Hoy en día la unidad peninsular es un mito. Con una estructura nacionalista, la unidad peninsular sería, si no una realidad próxima, por lo menos una posibilidad.
5. Nacionalismo y socialismo
Por último, nos planteamos ahora una cuestión palpitante. ¿Excluye el nacionalismo al movimiento democrático? No: lo completa. Bien entendida la doctrina socialista excluye toda centralización, a lo menos toda centralización excesiva.
La más avanzada democracia de Europa es una «Unión de Repúblicas Socialistas».
Es de desear que el pensamiento federal nacionalista vaya difundiéndose cada vez más entre las democracias españolas. Porque sería triste cosa que una parte del territorio hispánico (Cataluña, por ejemplo), lograse sustraerse al absurdo político del centralismo, para caer en el absurdo económico de la mesocracia.
Sería doloroso ver las clases obreras catalanas, entregadas al arbitrio de las minorías capitalistas. Antes de pensar en separatismos y autonomías conviene decidir y reflexionar qué garantías han de exigirse para seguridad y bienestar de las clases proletarias.
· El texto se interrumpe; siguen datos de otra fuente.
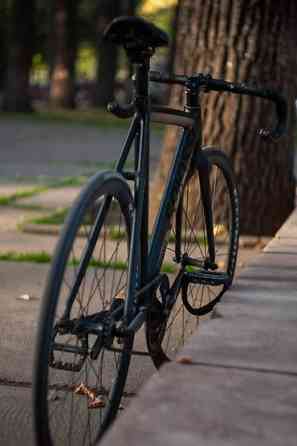 Colossi lowpro Размер Бишкек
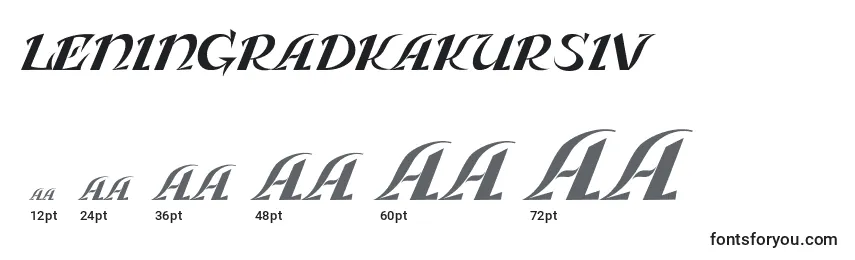 Größen der Schriftart LeningradkaKursiv
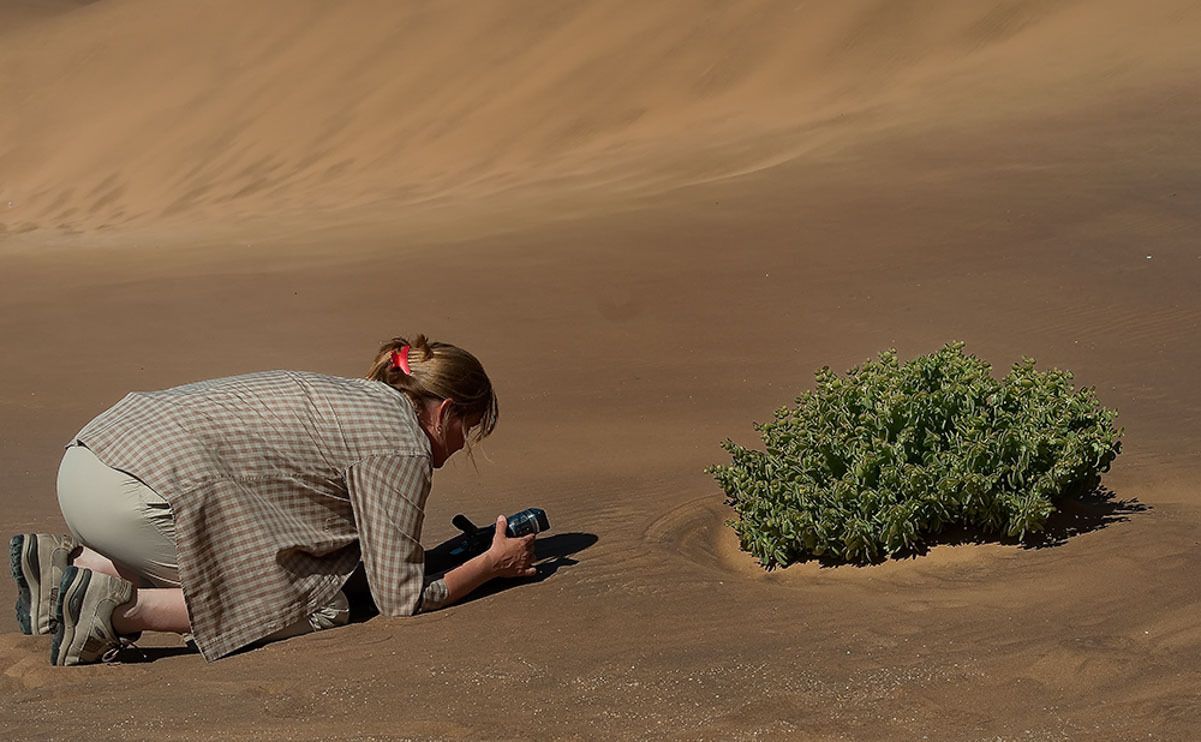 11 swakopmund
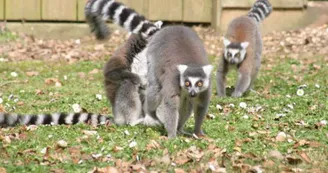 PARC ANIMALIER MONTAIGU LA BRISETTE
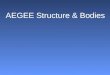 Structure Of AEGEE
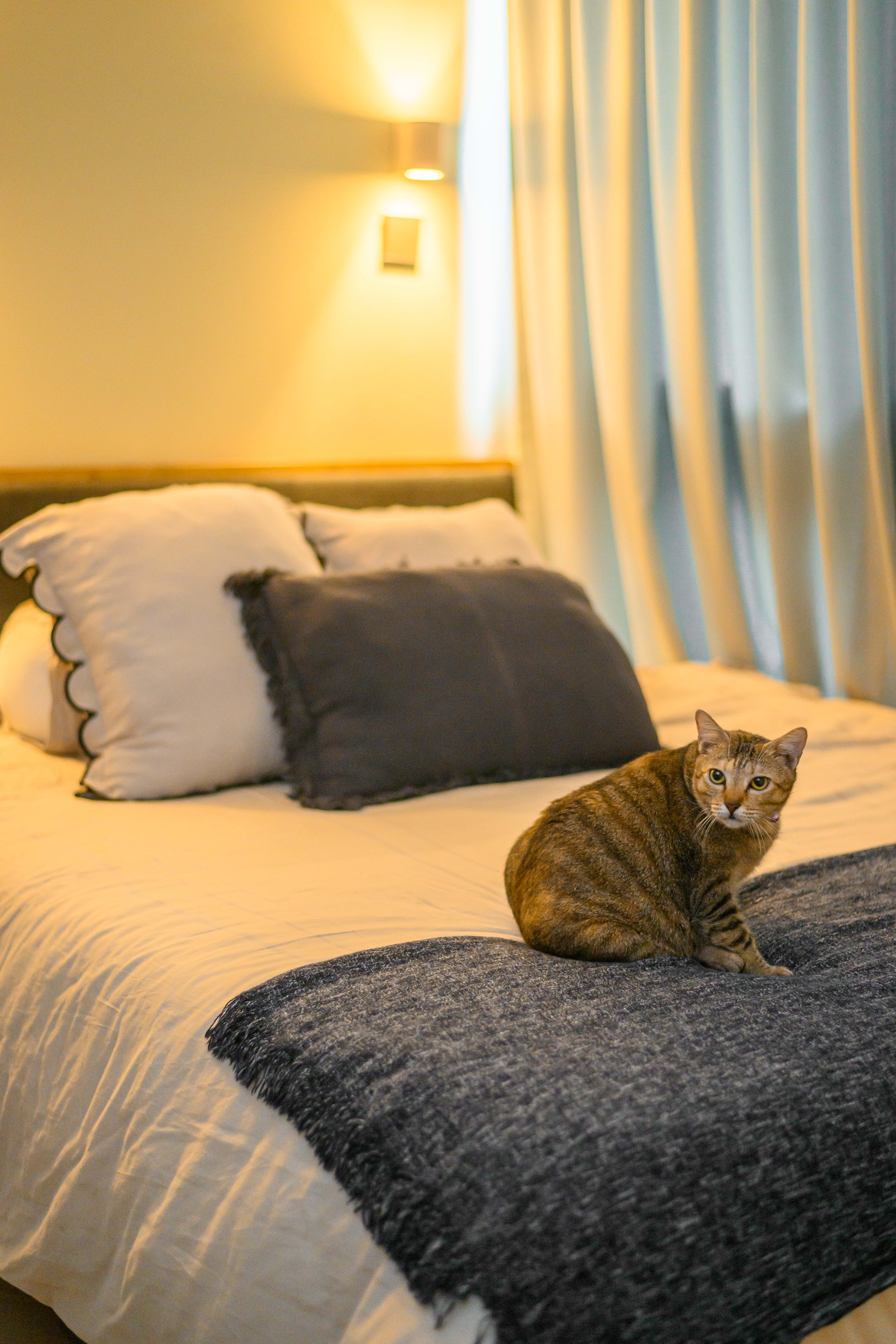 Restful-and-Snug-space-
Por esa razón, más que por otra alguna, el movimiento federal de España debía ir vinculado a un movimiento democrático. De lo contrario, por grandes que sean nuestros sentimientos nacionalistas, estamos dispuestos a retrasar nuestros deseos, antes que contemplar las clases proletarias entregadas al arbitrio de las minorías explotadoras en una España escindida y disuelta.
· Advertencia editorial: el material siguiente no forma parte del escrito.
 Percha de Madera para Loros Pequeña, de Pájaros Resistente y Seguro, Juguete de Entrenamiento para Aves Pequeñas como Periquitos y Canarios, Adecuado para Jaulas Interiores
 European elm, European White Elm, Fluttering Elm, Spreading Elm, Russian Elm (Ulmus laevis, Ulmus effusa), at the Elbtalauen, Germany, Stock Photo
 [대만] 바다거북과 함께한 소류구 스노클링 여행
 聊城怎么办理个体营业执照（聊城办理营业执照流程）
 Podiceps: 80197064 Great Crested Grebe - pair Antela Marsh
No. Que las dos conquistas, la política y la económica, [47] se realicen juntas, como resultado de un mismo movimiento, aunque con ello se retarde el logro de los ideales nacionalistas. La más grandiosa señal del tiempo nuevo es la democracia. Y nuestro mayor deseo, por encima de todas las aspiraciones, es contemplar en España una gran democracia trabajadora, dueña de sus destinos y dueña de los destinos del estado. Una democracia ejemplar, sin imperialismos, consagrada a vivir en el seno de sus fronteras y a reparar, con una etapa de equidad y de justicia solidarias, tantos siglos de despotismo, de tiranías y de regímenes opresores e irritantes.
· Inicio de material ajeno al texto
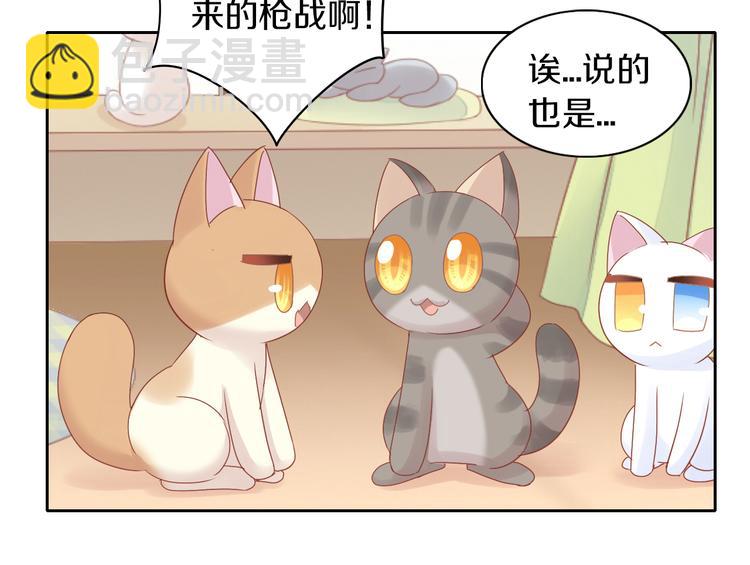 貓爪之下 - 第174話 店長的堅持(2/2) - 5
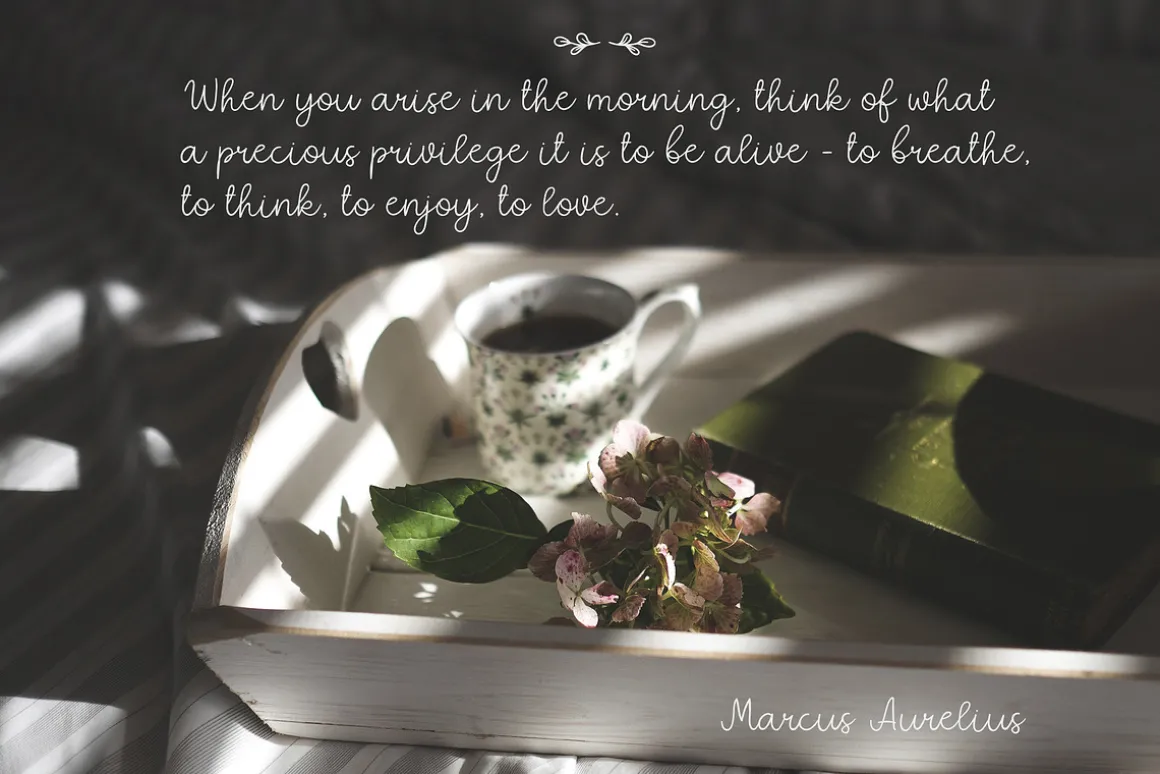 Quaint Garden Floral Font +EXTRAS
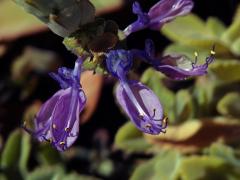 Plectranthus neochilus Schltr.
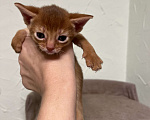 Кошки в Москве: Абиссинские котята Девочка, 60 000 руб. - фото 1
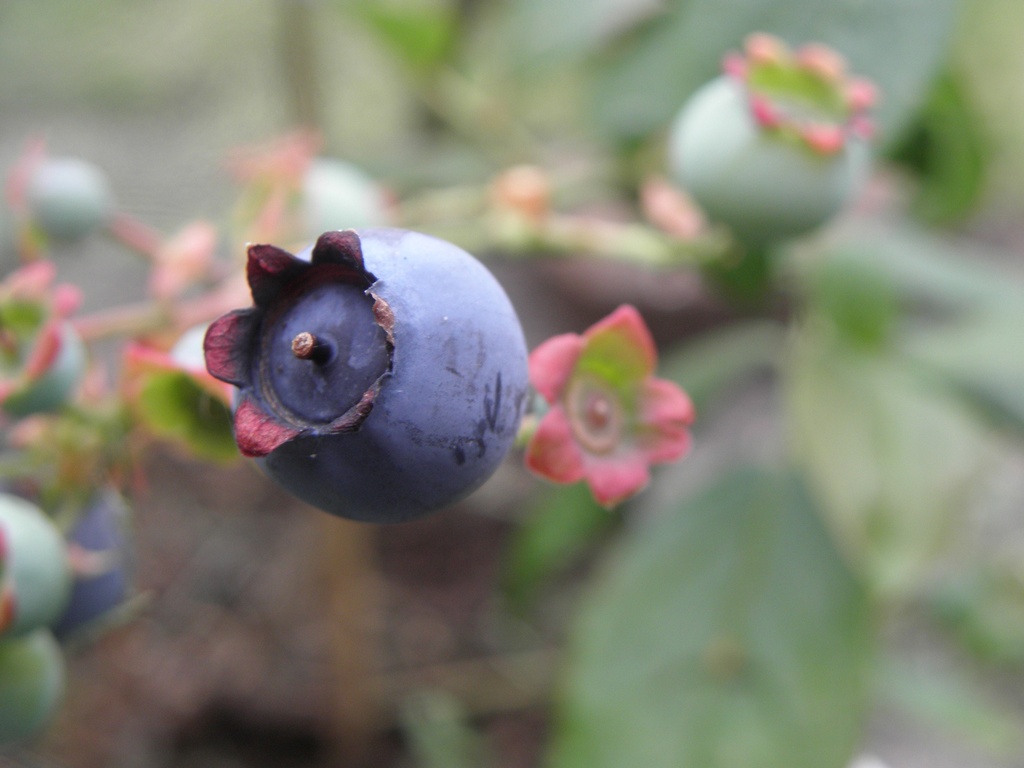 Myrtillier ‘Darrow’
Transcripción del texto de un opúsculo de 48 páginas, publicado en 1931 en Valencia, en la colección Cuadernos de Cultura, número 39 / Sección Derecho, nº 2 (Tipografía. P. Quiles, Grabador Esteve 19, Valencia). Portada: “Cuadernos de Cultura / Publicación Quincenal / Director: Marín Civera / XXXIX / Los Separatismos / por / Santiago Montero Díaz / Redacción y Administración / Embajador Vich, 15, entlo., Valencia / 1931.”